Miyoperikarditin sıklıkla viral enfeksiyonlarla ilişkili olarak ortaya çıktığı bildirilmiştir (4-6). Bakteriyel enfeksiyonlarla da miyoperikardit oluşabilir (7,8). Perikarditin elektrokardiyografik bulguları geleneksel olarak tüm derivasyonlarda resiprokal değişiklikler olmaksızın ST yükselmesidir (4). Ancak bazen aVRde ve bazen de V1de resiprok ST segment depresyonu olabilir. V1 derivasyonu hariç tüm derivasyonlarda PR segment depresyonu genellikle perikarditi akla getirir. Ama bazen aVRde PR segmenti yükselebilir. Perikardda sıvı biriktiğinde ise düşük voltajlı QRS görülür (9). Olgumuzda perikardite neden olabilecek bakteriyel mediastinitin olması, koroner arter hastalığı için risk faktörlerinin bulunmaması, kardiyak enzimlerinin hafif yükselmesiyle birlikte ekokardiyografide miyokardiyal fonksiyonlarının normal olması gibi bulgular miyoperikardit tanısını desteklemektedir. Bununla birlikte, bizim olgumuzda inferior derivasyonlarda ve V3, V4 derivasyonlarında ST segment elevasyonu olması nedeniyle, akut koroner sendrom tanısını dışlamak için koroner anjiyografi yapıldı. Literatürde perikardit sırasında fokal EKG değişiklikleri olan ve akut miyokard infarktüsünden ayırt edilemeyen olgu sunumları bildirilmiştir (2,10-12). Tedavileri çok farklı olduğu için, miyoperikardit ve akut miyokard infarktüsünün ayırt edilmesi oldukça önemlidir. Trombolizis ve antikoagülasyon, akut miyokard infarktüsünde temel tedavi yöntemleridir. Ancak miyoperikarditli olgulara trombolitik tedavi uygulanması kardiyovasküler komplikasyonlara neden olabilir. Literatürde perikardit olan ancak perikardit tanısı atlanmış, akut miyokard infarktüsü sanılarak trombolitik ve antikoagülan uygulanmış ve bu tedavi sonrasında kardiyak tamponad gelişmiş olgu sunumları bildirilmiştir (11,12).

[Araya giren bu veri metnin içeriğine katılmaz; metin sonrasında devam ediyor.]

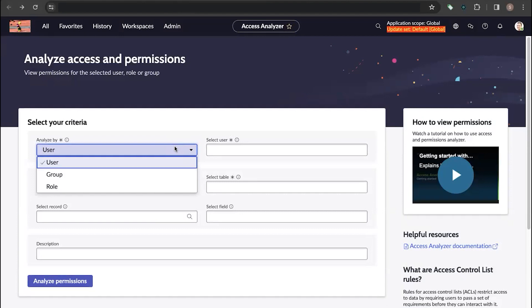Let's take a scenario. As an administrator, I want to understand access permissions to the Incident table. Let's try the first option — Analyze by User.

Sonuç olarak, akut miyoperikardit ile oluşan EKG bulguları akut miyokardiyal infarktüse benzeyebilir. ST segment yükselmesi olan hastaların ayırıcı tanısında miyoperikardit de düşünülmez ve akut miyokard infarktüsü tedavisi uygulanırsa komplikasyon olasılığı artar. Bu nedenle yoğun bakım hastalarında izlemde ortaya yeni çıkan bulguları değerlendirirken; hastanın öyküsü, klinik durumunun dikkatli değerlendirilmesi, hastaların tedavi planının daha uygun olmasını sağlayacak ve komplikasyonları azaltacaktır.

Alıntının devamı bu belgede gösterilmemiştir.